Совершенно одинокая, раздавленная унижениями, которые мне пришлось пережить у Каретникова, я не имела твердой опоры в жизни, за меня некому было заступиться. Я была полностью в его власти. Представившись для начала Ливановым, по фамилии своей матушки, он убедил меня, что был близким другом моего погибшего мужа и готов оказать мне всяческую поддержку.
Прежде всего он снял для меня весьма приличный номер в гостинице, что по тем временам было очень трудно. Когда я спросила, как я буду расплачиваться за него, то уверил, что мне вовсе не стоит беспокоиться, он все берет на себя. Жизнь жестоко учила меня в год после смерти Григория, но все же еще не избавила до конца от природной наивности. Конечно, мне стоило более пристально присмотреться к подозрительным хлопотам своего нового знакомого, но я так измучилась от перенесенных тягот, что даже такие простые радости, как ванна с горячей водой и мягкий, плюшевый плед на диване, могли напрочь лишить меня рассудочного подхода к действительности.
Шаховской именно на это и рассчитывал. Номер был действительно проплачен вперед, но не им самим, а его ведомством, службой разведки, и предназначался для специальных агентов, с которыми Шаховской здесь встречался. А чтобы номер не пустовал и не привлекал тем внимание, он решил временно поселить тут меня, с далеко идущими намерениями, естественно. И не только в плане личных плотских утех, хотя и ими он не побрезговал. Провести ночь в постели с женой князя Белозерского, который жестоко оскорбил его семью — разве не отмщение, хотя бы частичное? Если бы я знала, что он родственник княжны Маши, наверное, я бы насторожилась и вела себя по-другому. Но он назвался Ливановым и другом Грица, а я так нуждалась в то страшное время хоть в какой-то опоре! Потому и доверилась ему.

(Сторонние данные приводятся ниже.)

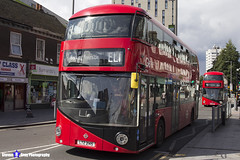 Wrightbus NRM NBFL - LTZ 2145 - LT945 - Barking Riverside EL1 - Go Ahead London Blue Triangle - East London Transit - London 2017 - Steven Gray - IMG_9013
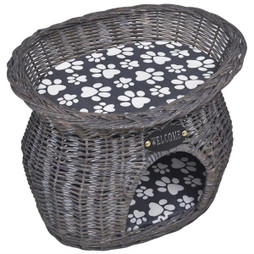 vidaXL 170222 - Willow Cat Tree Pet House/Bed/Scratching Post with Cushion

Доверилась и душой, и телом. Борис Борисович был хорош собой, прекрасно воспитан, к тому же он разыгрывал искреннее сочувствие, мучился скрытой страстью, представил мне целую сцену, как он не может позволить себе поцеловать даже след от моей ножки, потому что я вдова его друга. Кроме того он был холост и обещал на мне жениться. На самом деле он смеялся надо мной. Про себя, конечно. И «поимел бабенку» ничуть не с меньшим удовольствием, чем Каретников, хотя и не столь вульгарно. Как сейчас вижу, он сидит передо мной в номере гостиницы, на бархатном диванчике с круглой спинкой и неторопливо раскуривает длинную сигару. Его рыжие, кошачьи глаза, прищурены с хитрецой. Он уже придумал план, который намерен реализовать. А план весьма непритязателен: попользоваться женой Гриши, а затем избавиться от нее, но с пользой для себя. В конце концов, за смерть Маши рассчитался не с самим князем, но с его вдовой, этой глупой девочкой, которая почти готова в него влюбиться. О том, что господин Ливанов — не кто иной, как полковник Шаховской, один из руководителей белогвардейской разведки, я узнала от главного чекиста — Дзержинского, и весьма скоро.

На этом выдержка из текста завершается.